A reunião magna começou com o presidente da mesa, Miguel Albuquerque, a pedir aos delegados que evitassem ao máximo inscreverem-se para falar sobre os estatutos, de forma a acelerar a votação das alterações à lei do partido, com uma proposta única da direção do PSD. Os sociais democratas respeitaram e, apesar de algumas resistências, aprovaram em bloco as ideias da direção de Montenegro. Todavia, não deixaram de fazer notar à mesa o seu desconforto. “Embora discorde de algumas alíneas, percebo que não é o momento e vou abdicar de discursar sobre estatutos, porque precisamos de ganhar estas eleições”, sublinhava Luís Ricardo de Sousa, presidente da concelhia de Paredes (distrito do Porto), sintetizando desta forma o pensamento de muitos outros.
Mesmo assim, foram várias as vozes das concelhias que acusaram a direção de autoritarismo ao insistir em votar os novos estatutos, sem tempo para os discutir e ouvir as criticas. “O PSD recusa-se a perceber que é preciso dar mais poder aos militantes e decide discutir estatutos a três meses das eleições, dando um sinal errado e mostrando incapacidade para se renovar. O Governo caiu, o mundo muda e nós continuamos na mesma senda”, acusou José Miguel Ferreira, vice-presidente da Juventude Social Democrata entre 2014 e 2018. Este está em linha com o “desconforto” já expresso pelo militante Carlos Costa Neves, que apontou o dedo à direção por colocar “em segundo plano uma questão muito importante para o partido”, e pelo ex-deputado Luís Rodrigues, que solicitou à cúpula do partido, sem sucesso, que reconsiderasse a votação da proposta, neste sábado.
Os estatutos foram aprovados e o partido concentrou o resto do congresso na estratégia eleitoral, desvalorizando as conclusões das sondagens, que colocam o PSD taco a taco com o PS, mesmo depois da crise política.
A (im)provável defesa de Montenegro
Campanha em marcha, até os críticos deram tréguas.

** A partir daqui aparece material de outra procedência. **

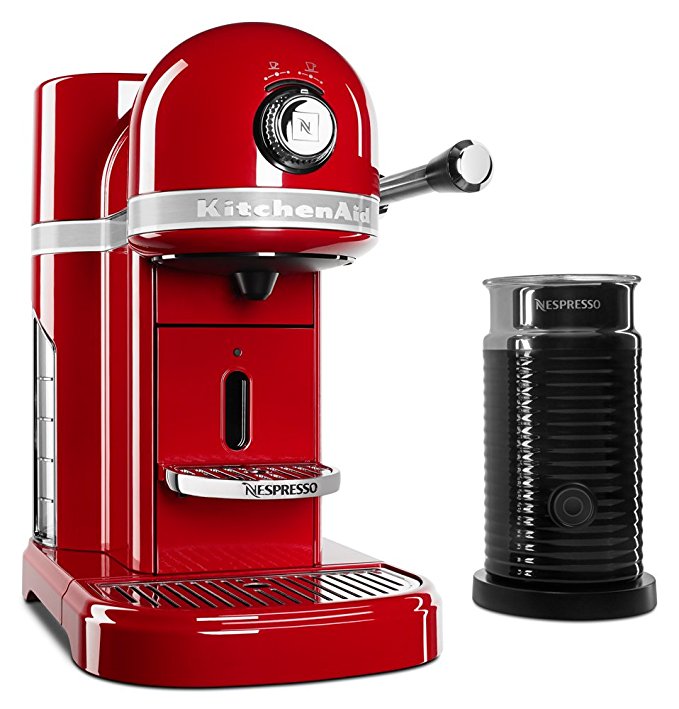 KitchenAid KES0504ER Nespresso Bundle, Empire Red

Salvador Malheiro, autarca de Ovar e “vice” de Rui Rio, subiu ao púlpito, para dizer que está “aqui para ajudar”. “Não vale a pena olhar para trás, para as pequenas divergências que tivemos, agora somos todos convocados”, indicou um dos rostos da oposição interna a Montenegro, prometendo “ajudar a atual liderança a destronar o partido socialista”, e insistindo que “este espírito de união tem de passar lá para fora”.

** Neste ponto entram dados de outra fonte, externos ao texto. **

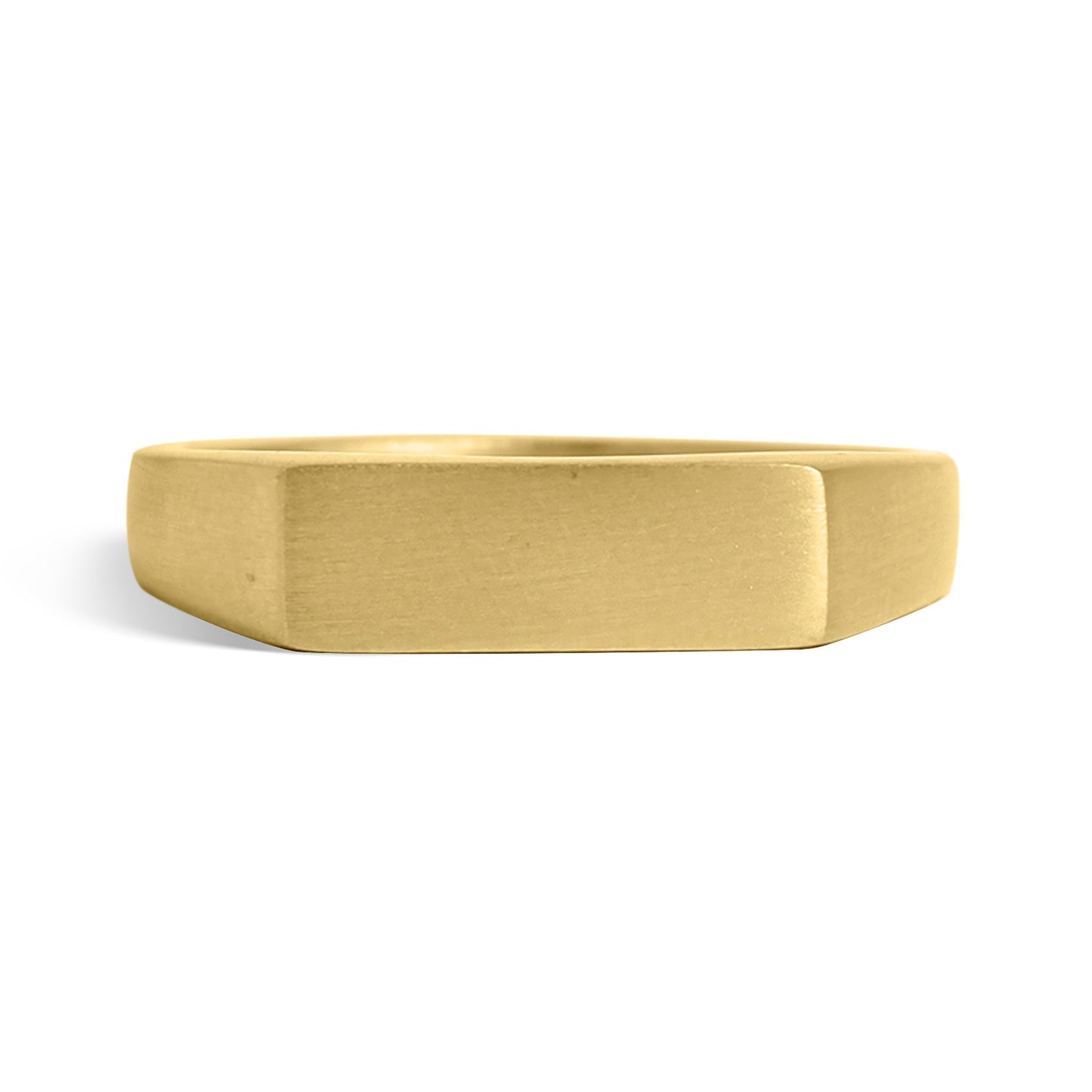 18K Gold PVD Stainless Steel Blank Engravable Rectangle Signet Ring / ESR0002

Também José Ribau Esteves – presidente da Câmara de Aveiro, ex-candidato à liderança do partido e crítico de Montenegro – fez questão de mostrar que este “é o tempo do Luís”, aconselhando-o a deixar claro, durante a campanha, os erros da governação socialista – pedido aliás transversal a muitos dirigentes, que alternaram entre aconselhar a liderança a ignorar os socialista e a forcar-se em apresentar propostas – principalmente para a saúde, educação, economia, habitação – e apontar o dedo aos últimos oito anos de governação.

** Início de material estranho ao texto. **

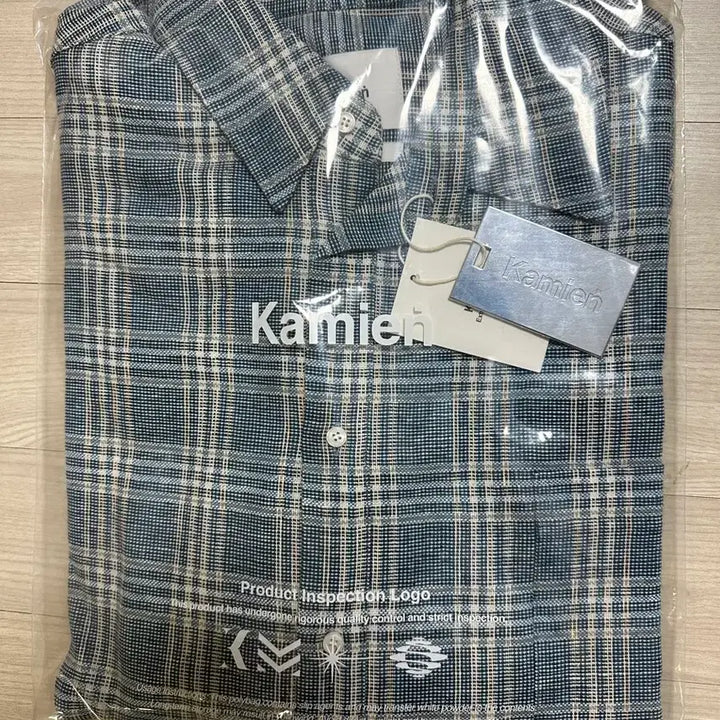 [BUNJANG] Camien Belarus Linen Check Shirt Size 3 / 카미엔 벨라루스 린넨 체크 셔츠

Mas os caminhos vão dar todos ao mesmo lugar: ao apelo ao voto no PSD. “Qualquer outro voto é, na prática, continuar a votar no PS”, defendeu o líder parlamentar, Joaquim Miranda Sarmento. Já o vice-presidente Paulo Rangel fez a defesa de Montenegro, destacando o “sentido patriótico” e “capacidade de sofrimento” do presidente, que estava preparado para ficar na oposição durante quatro anos e meio, enquanto via “a encruzilhada em que o país está”, garantindo ao Congresso que o presidente está preparado e tem uma equipa determinada “em preparar uma alternativa para recuperar a credibilidade e o prestígio das instituições aqui e fora do país”. Terá agora de “salvar este país do pântano”.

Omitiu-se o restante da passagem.